Thursday, July 27, 2006

The Swordfish of 1976

On Saturday, May 6, 2006 another Kentucky Derby Day softball reunion was held. Anyone who ever played on the now defunct team was welcome, plus their families, friends, etc. The annual parties began in 1980, when the Biograph Theatre’s softball team was one of the cars attached to a runaway train known as the Fan District Softball League (1975-94).

At the reunion a few innings of softball were played in splendid weather without anyone hobbling off the field, or worse -- being carried off. A fine picnic spread was laid out and consumed. Cold beer flowed as the same stories were stretched, again. The horse race was watched on a little battery-powered TV.

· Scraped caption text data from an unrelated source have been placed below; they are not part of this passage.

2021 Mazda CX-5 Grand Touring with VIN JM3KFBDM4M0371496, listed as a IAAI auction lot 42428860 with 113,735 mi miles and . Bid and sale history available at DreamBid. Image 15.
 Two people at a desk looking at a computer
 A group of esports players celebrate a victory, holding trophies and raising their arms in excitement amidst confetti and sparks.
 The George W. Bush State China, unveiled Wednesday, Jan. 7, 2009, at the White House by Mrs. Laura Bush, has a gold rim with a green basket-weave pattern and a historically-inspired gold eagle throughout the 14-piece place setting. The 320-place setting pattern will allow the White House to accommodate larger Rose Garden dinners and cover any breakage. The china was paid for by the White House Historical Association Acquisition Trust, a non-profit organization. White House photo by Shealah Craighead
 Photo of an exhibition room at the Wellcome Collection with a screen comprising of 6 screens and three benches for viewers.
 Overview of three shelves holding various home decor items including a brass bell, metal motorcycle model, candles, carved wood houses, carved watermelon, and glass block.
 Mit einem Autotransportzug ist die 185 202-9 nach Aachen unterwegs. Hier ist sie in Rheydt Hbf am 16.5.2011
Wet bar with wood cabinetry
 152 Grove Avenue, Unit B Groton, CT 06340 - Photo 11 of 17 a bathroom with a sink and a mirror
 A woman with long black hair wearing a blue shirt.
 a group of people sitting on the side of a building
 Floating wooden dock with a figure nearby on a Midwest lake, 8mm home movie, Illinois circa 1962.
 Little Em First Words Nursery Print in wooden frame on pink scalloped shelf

Several of the guys at this year’s gathering were teammates of mine in 1976, when I was the manager of the Biograph, a repertory cinema that was located at 814 West Grace Street. It was the first summer of Biograph softball. We called ourselves the Swordfish, after a joke in a Marx Brothers movie. That year we played a schedule that was not set; we challenged other teams, which played in organized leagues (mostly Fan League teams), to play us for a keg of beer.

The Biograph Swordfish won 15 games (that were scheduled and umpired) of the 17 we played that initial season. In spite of having few experienced softball players on a roster, which included two French guys (friends of one of the cinema’s cashiers) -- they had never seen a softball, or baseball -- we probably won half of them by coming from behind in late innings.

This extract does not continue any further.